CUARTA PARTE
La configuración de sus relaciones.

El deber de los discípulos es, en efecto, estar allí, presentes en el lugar de Jesús, en el mundo. Orientados hacia el Padre, encuentran, a pesar de la distancia, una forma de continuar su relación con Jesús. Toda la oración está construida para revelar a los discípulos su nueva condición: «Quiero que estén conmigo donde yo estoy» (v. 24). Estar con Jesús está ahora condicionado por estar allí, en su lugar, donde él sigue presente a través de sus palabras y mandatos: «Si guardáis mis mandamientos, permaneceréis en mi amor, como yo he guardado los mandamientos de mi Padre y permanezco en su amor» (15,10)

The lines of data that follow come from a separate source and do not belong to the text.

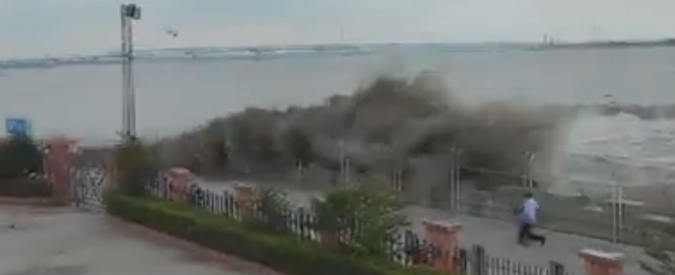 Copertina di Cina, lo spettacolo delle maree si trasforma in un evento choc: il video amatoriale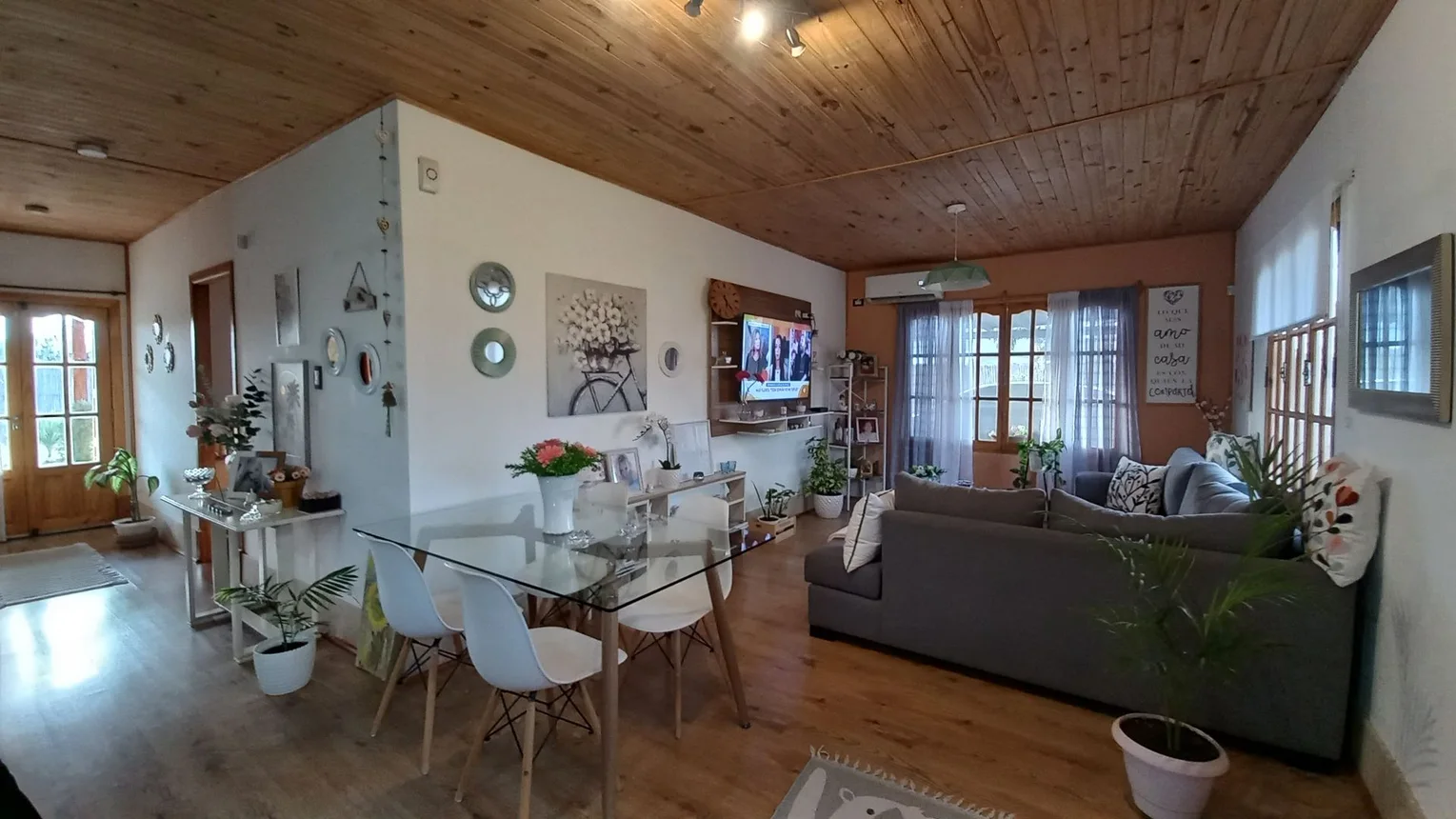 Casa en venta en Guaymallén, foto 2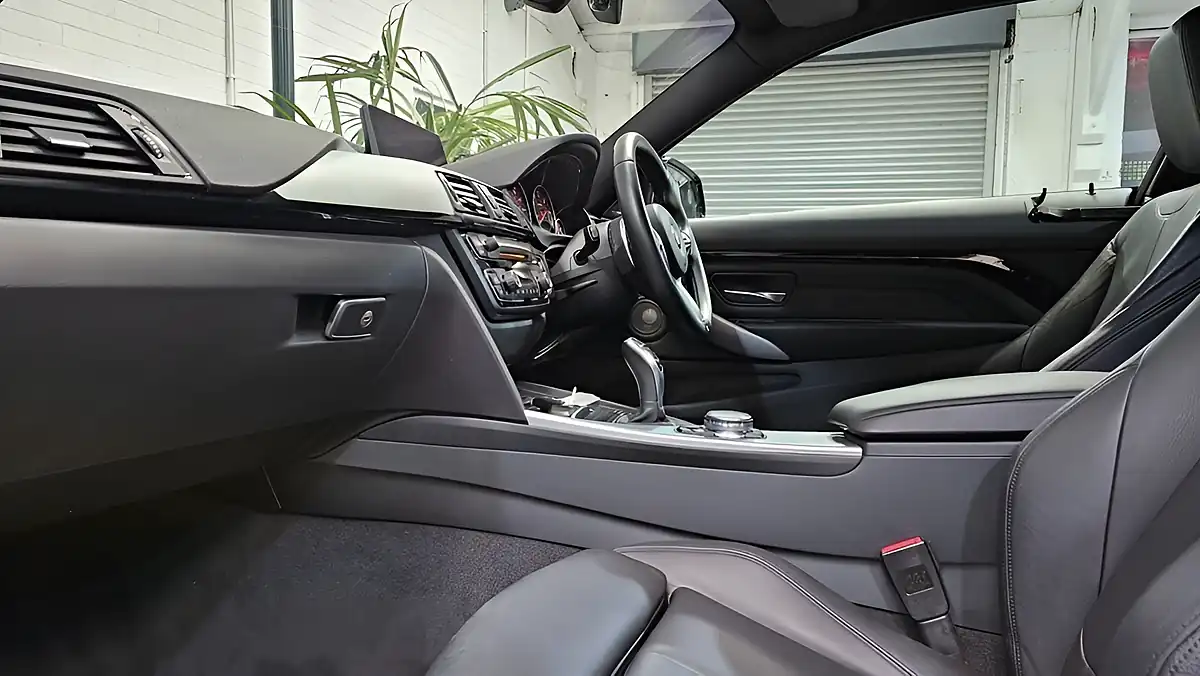 Used 2016 BMW 4 Series M Sport Grey - Interior and Exterior details 11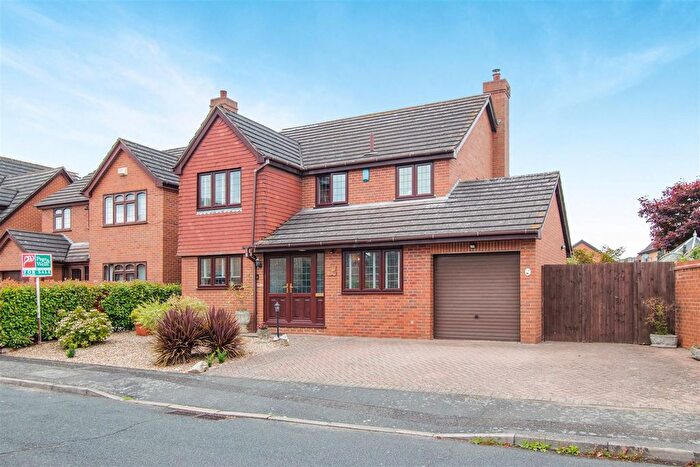 4 Bedroom Detached House For Sale In Priestley Drive, Larkfield, ME20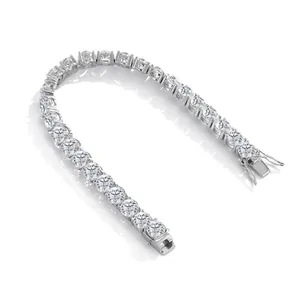 Ασημένιο βραχιόλι τένις S925 με στρογγυλά moissanite 3mm και κούμπωμα ασφαλείας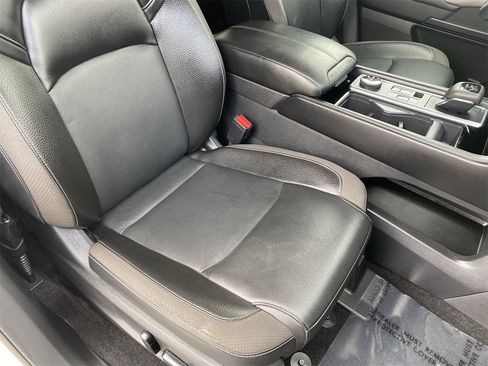 Used 2022 Nissan Pathfinder SL w/ Lighting Package (N92) image 10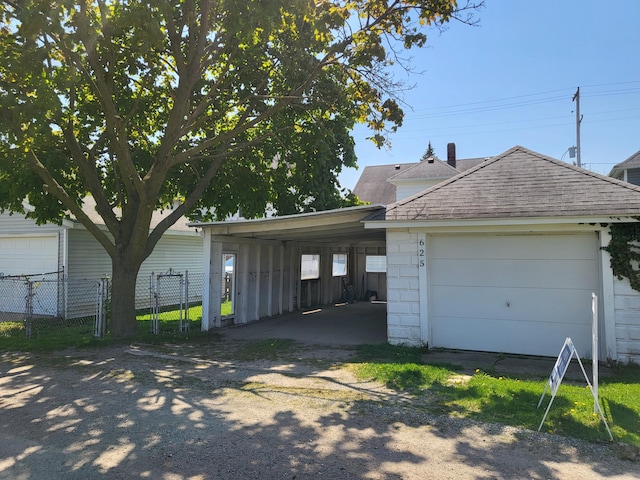 625 Leonard St NE, Grand Rapids, MI 49503 - garage featuring fence and driveway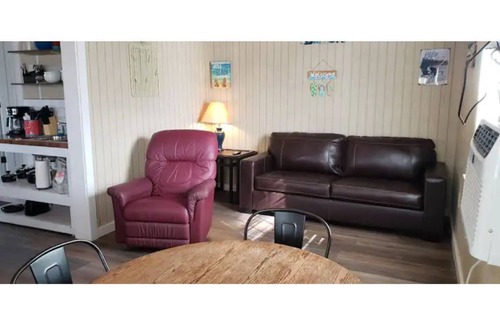 Longtown Cabin | Cabin #3 at Snug Harbor Cabins Lake Eufaula, O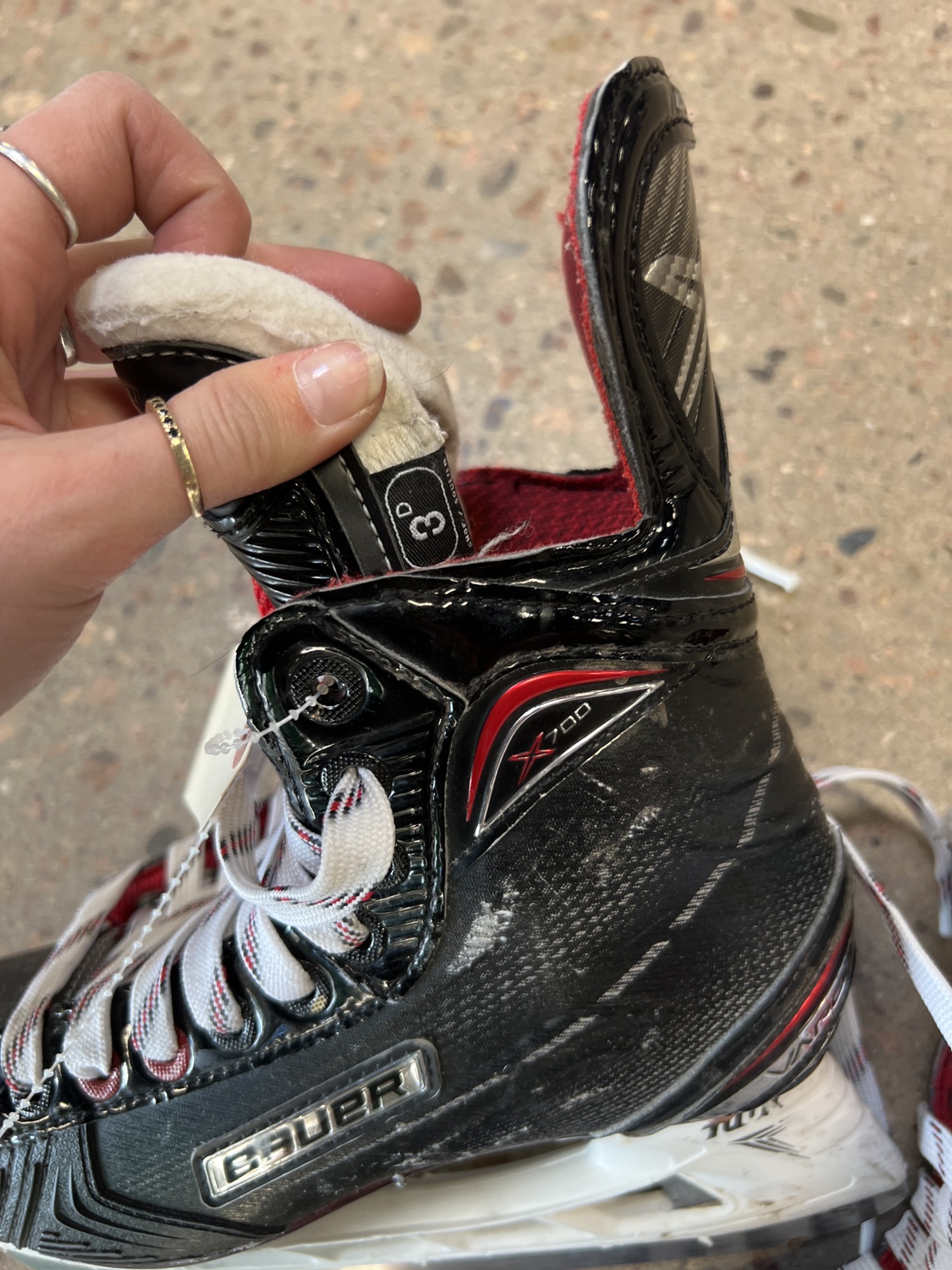 bauer vapor x700 junior skates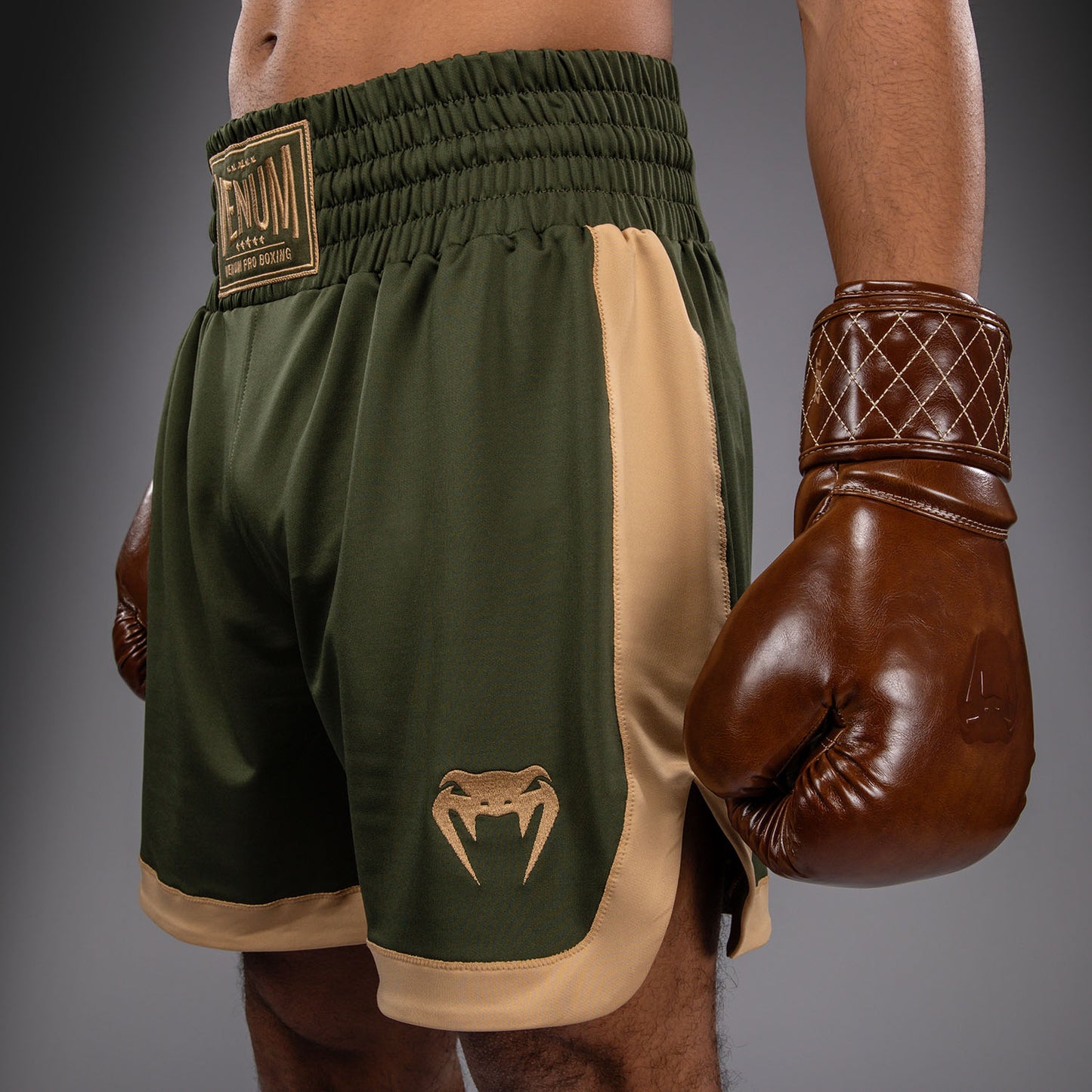 Venum Classic Short de Boxeo - Verde Militar/Arena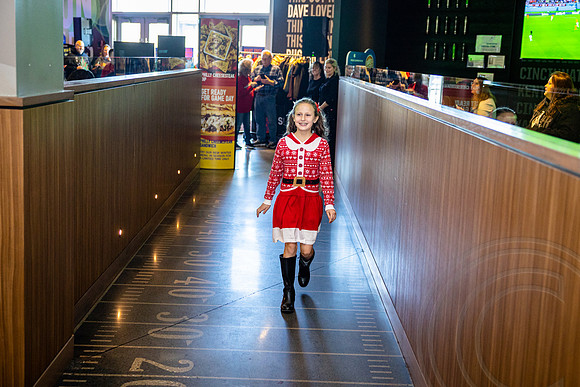 Santa-Givaudan_JimGormley_120322-4503
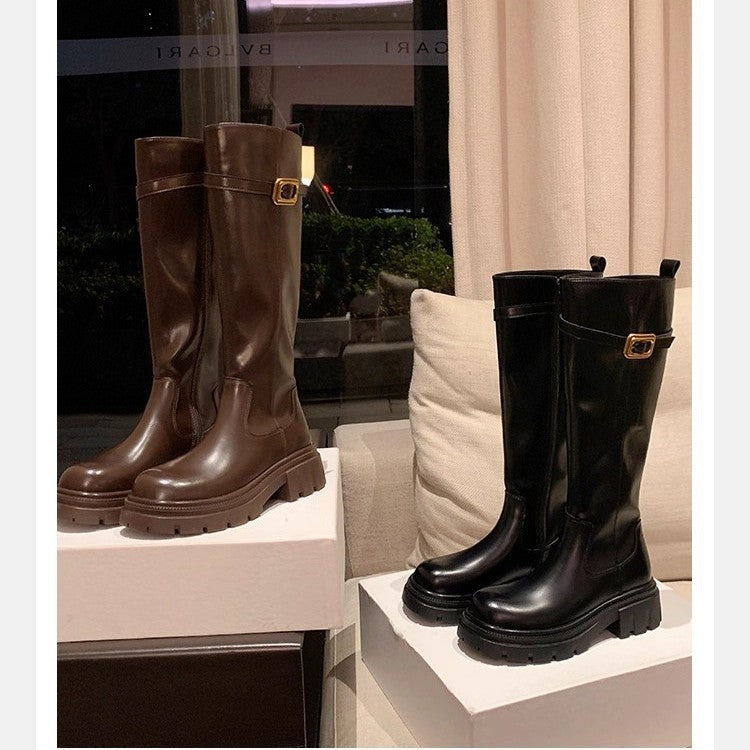 Damen Kniestiefel mit profilierter Lug‑Sohle und dekorativem Schnallenriemen Nord Taschen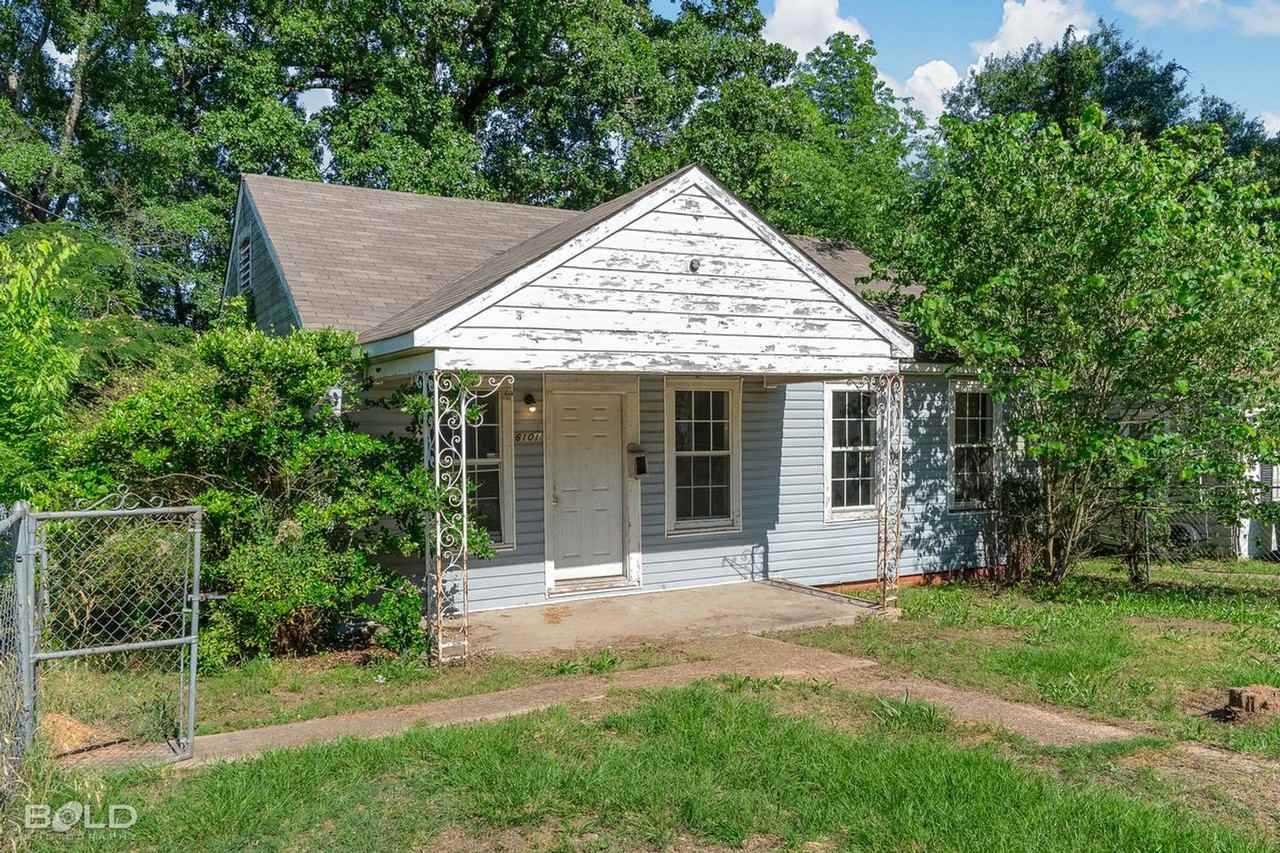 6101 Fairfield Ave - Photo 3 of 9
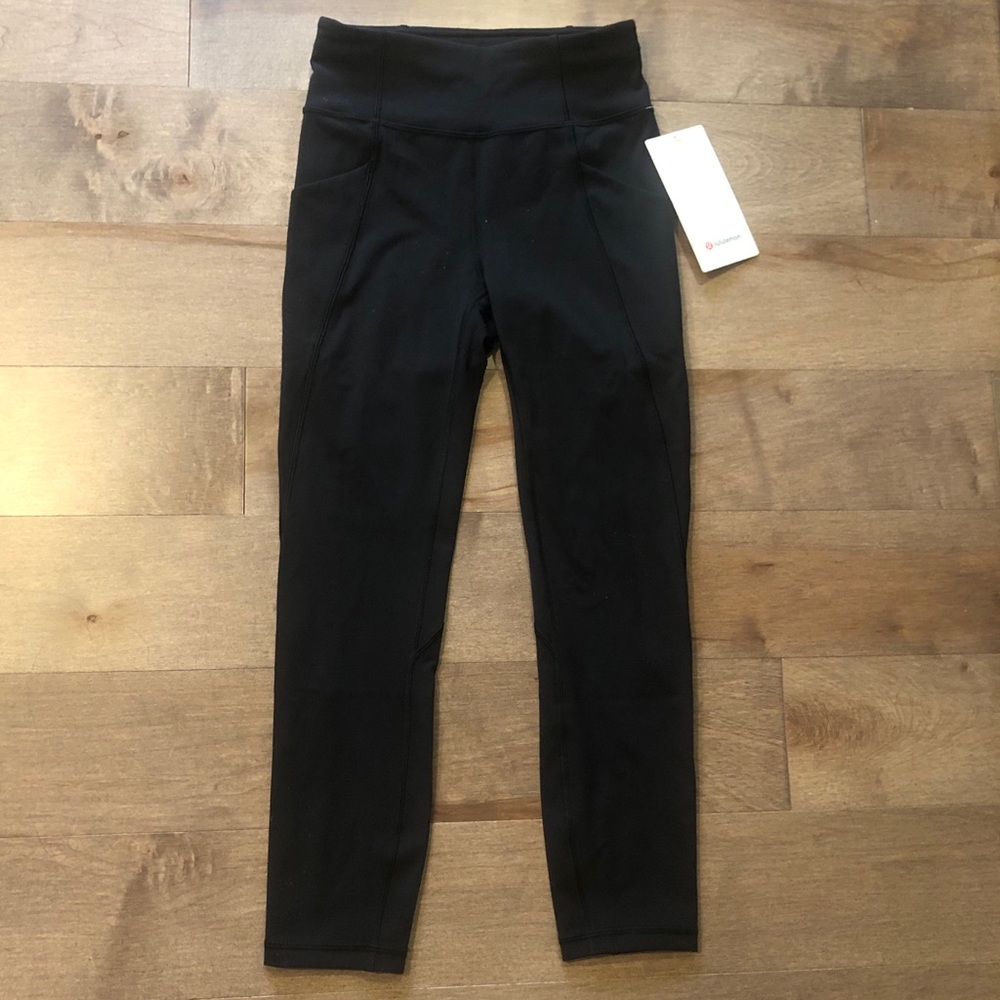 NWOT Lululemon Size 4 Cropped Leggings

Como portadores y comunicadores de la palabra que viene del Padre, los discípulos son testigos ante el mundo de una palabra que viene de otra parte y en la que serán santificados (v. 17). Su acción es indispensable porque, atravesada por el eje vertical de la alteridad, remite siempre al Padre. Su santificación se logrará, sin embargo, por su continua disposición a asumir esta verdad de los demás y a transmitirla, con la esperanza de suscitar la fe de los que aún no están abiertos a esta alteridad del Padre. Así se prevé la ampliación del grupo de discípulos, cuando en la oración Jesús mira al futuro: «No ruego sólo por ellos, sino también por los que creerán en mí por su palabra» (v. 20).

Con la partida de Jesús hacia su Padre, el grupo de discípulos tomará forma, y la cuestión de su unidad se volverá esencial para ellos. Los discípulos tendrán que convertirse en un signo en el mundo de un tipo particular de unidad que puede distinguirse en tres niveles diferentes: en el nivel de la comunicación, en el nivel de la relación y en el nivel del rol a jugar.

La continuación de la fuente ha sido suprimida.